A inquietude fez com que ela desejasse retornar aos estudos. Depois de 9 anos de trabalho na vidraçaria: “Eu estava ansiosa, então comecei a querer retomar os estudos, porque eu não tinha mais tempo de ler nessa época. Eu não tinha mais tempo para nada. E eu já tinha ficado 9 anos na vidraçaria” (CASTANHEIRA, 2018). Então, no ano de 2012, decidiu que iria parar de trabalhar e voltar aos estudos. Com incentivo do marido, ela inscreve-se no Exame Nacional do Ensino Médio (ENEM), seu objetivo era ingressar em uma faculdade de ensino à distância. Castanheira desejava cursar Português, mas sua pontuação só a habilitou para Pedagogia na faculdade que escolheu.

Ele fez eu me inscrever no ENEM, isso em 2012. Fiz as provas e tive uma pontuação entre 590 e 600. Em 2013, eu pude realizar a matrícula no ensino superior. A minha vontade era cursar Português. Era Português que eu queria fazer, não era Pedagogia. Mas foi o que a minha pontuação me possibilitou dentro das instituições que tem ensino EAD. (CASTANHEIRA, 2018)

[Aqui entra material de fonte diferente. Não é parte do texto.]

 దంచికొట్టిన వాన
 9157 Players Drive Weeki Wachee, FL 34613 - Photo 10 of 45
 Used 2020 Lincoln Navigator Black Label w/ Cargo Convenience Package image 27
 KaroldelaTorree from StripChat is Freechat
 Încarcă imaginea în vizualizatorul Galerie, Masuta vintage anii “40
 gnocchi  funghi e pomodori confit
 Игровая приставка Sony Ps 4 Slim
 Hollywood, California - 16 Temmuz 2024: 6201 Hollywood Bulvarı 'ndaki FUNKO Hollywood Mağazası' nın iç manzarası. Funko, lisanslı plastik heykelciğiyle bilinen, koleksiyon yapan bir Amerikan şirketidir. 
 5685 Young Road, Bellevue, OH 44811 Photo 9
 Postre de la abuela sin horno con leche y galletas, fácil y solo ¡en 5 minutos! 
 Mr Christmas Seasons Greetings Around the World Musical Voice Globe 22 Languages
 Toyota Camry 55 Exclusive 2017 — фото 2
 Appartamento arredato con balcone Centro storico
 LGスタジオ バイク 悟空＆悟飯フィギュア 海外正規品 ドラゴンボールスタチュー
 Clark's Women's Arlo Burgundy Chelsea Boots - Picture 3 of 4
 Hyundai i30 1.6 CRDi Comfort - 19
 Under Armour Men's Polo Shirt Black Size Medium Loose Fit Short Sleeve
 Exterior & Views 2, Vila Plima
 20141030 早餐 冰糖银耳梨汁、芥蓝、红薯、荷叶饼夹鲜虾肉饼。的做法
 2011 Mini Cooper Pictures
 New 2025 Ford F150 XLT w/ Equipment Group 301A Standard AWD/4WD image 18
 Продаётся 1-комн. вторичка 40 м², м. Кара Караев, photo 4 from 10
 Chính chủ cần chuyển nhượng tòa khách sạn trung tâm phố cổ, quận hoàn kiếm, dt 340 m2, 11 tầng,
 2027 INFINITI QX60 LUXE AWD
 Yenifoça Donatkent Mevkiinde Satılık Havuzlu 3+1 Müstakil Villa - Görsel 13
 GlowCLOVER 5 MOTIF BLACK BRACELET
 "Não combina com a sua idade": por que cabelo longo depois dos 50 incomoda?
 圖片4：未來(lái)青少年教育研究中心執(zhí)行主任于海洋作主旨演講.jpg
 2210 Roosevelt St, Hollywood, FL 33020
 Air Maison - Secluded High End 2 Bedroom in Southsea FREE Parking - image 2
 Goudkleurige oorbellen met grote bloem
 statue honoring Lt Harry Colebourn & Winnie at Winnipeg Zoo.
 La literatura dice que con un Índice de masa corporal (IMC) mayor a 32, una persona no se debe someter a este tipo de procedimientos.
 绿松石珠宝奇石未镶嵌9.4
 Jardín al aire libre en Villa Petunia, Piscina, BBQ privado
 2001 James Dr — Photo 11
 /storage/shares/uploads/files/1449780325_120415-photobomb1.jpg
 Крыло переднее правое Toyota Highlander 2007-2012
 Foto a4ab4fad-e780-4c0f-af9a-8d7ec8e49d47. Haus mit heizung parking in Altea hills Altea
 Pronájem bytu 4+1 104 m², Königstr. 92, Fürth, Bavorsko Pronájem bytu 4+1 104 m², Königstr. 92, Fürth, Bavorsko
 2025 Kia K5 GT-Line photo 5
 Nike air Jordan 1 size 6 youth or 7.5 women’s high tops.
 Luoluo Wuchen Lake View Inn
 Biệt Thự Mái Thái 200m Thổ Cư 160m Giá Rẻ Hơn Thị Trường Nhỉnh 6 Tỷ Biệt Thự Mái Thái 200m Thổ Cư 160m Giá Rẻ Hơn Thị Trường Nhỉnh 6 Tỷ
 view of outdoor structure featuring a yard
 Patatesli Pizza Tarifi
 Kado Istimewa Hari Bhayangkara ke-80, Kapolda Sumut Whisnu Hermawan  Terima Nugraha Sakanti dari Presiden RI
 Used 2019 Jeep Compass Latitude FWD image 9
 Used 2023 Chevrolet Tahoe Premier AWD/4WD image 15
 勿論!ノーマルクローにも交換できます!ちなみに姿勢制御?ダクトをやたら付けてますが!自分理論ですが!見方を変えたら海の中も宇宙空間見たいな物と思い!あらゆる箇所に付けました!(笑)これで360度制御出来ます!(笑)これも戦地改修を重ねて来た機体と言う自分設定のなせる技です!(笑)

Castanheira concluiu o Curso Normal no final do ano letivo de 2017. “Vim cursar o Normal, pois eu considerava o estágio proporcionado pela faculdade EAD um horror. Posso dizer que não tivemos prática de aula.” (CASTANHEIRA, 2018). Segundo ela, existia no curso de Pedagogia uma professora que encorajava as alunas a terminarem a faculdade e depois ingressar no Curso Normal. Quando iniciou o Normal, descobriu que um dos docentes do IEEOB era, justamente, a sua mestra incentivadora. Atualmente, Castanheira estuda para prestar concursos públicos e ao mesmo tempo, procura uma posição no mercado de trabalho.